Bonn. Showing a sign of global unity, young climate activists will demonstrate for the first time worldwide on Friday, in a united showing of their initiative "Fridays for Future". 1,660 rallies are planned in 105 countries.
For weeks now, school and university students have been taking to the streets on Fridays to show their support for climate protection. But this Friday is different because for the first time, the young people who make up “Fridays for Future” are demonstrating worldwide. 1,660 demonstrations are planned in 105 countries - 200 of them in Germany.
In Cologne and Bonn, local organizers have registered demonstrations with the police, estimating around 2,000 participants. "Because it is an international strike day, I hope that there will be a very large number this time," says 15-year-old Noah Rosenbrock, a member of the Bonn organization team. "It is important that we send a signal worldwide and that young people take to the streets for climate protection".
The young activists planned to gather on Münsterplatz in Bonn at 9 a.m. and march through Friedensplatz and Bertha-von-Suttner-Platz, then returning to the start where a closing rally is planned for around 3 p.m. In Cologne, the demonstration begins at 9 a.m. at the square in front of the central train station, proceeding to the Alter Markt.

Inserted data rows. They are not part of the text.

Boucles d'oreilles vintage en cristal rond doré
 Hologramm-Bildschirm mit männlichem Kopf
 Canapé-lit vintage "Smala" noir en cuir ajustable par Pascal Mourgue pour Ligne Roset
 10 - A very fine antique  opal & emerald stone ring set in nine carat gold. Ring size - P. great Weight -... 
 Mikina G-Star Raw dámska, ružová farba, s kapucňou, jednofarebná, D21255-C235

Reminder of compulsory school attendance
NRW Prime Minister Armin Laschet (CDU) and Minister of Education Yvonne Gebauer (FDP) have shown little understanding for the protests taking place during school hours and have insisted on compulsory school attendance. Responding to an inquiry from GA on Thursday, both the district government and the ministry stated that "participation in student strikes during school hours must not come at the expense of school attendance and is therefore inadmissible".
An exception would be if a school officially plans a field trip and moves the lessons to an "out-of-school learning location", for example the demonstration. But a violation of compulsory schooling could have repercussions and any unexcused absence is documented on student report cards.
Noah Rosenbrock, who attends high school in Rheinbach, is not afraid. "Sometimes you have to break the rules to achieve something," he says. He replies to critics who criticize that it's all about skipping school, and says that in their spare time they've thought a lot about climate protection and dealt with it intensively. After the final rally, the Bonn team will offer several workshops on the subject - from "Climate Change for Beginners" to microplastics, regional products, air travel and global warming.
"The young generation is right"
At the federal level, there have been different opinions voiced in recent weeks. Chancellor Angela Merkel (CDU) backed the protests earlier this month and praised the students for their efforts. Environment Minister Svenja Schulze (SPD) told the newspaper "Bild am Sonntag" that she liked "the fact that this supposedly apolitical generation finds its voice and goes out onto the streets". In the same newspaper, FDP leader Christian Lindner spoke in contrast, questioning students knowledge on the subject and saying: "This is for professionals."
Meanwhile, more than 12,000 scientists from Germany, Austria and Switzerland backed the young climate protectors. "We are the professionals and we say: the young generation is right", said Volker Quaschning from the University of Applied Sciences in Berlin.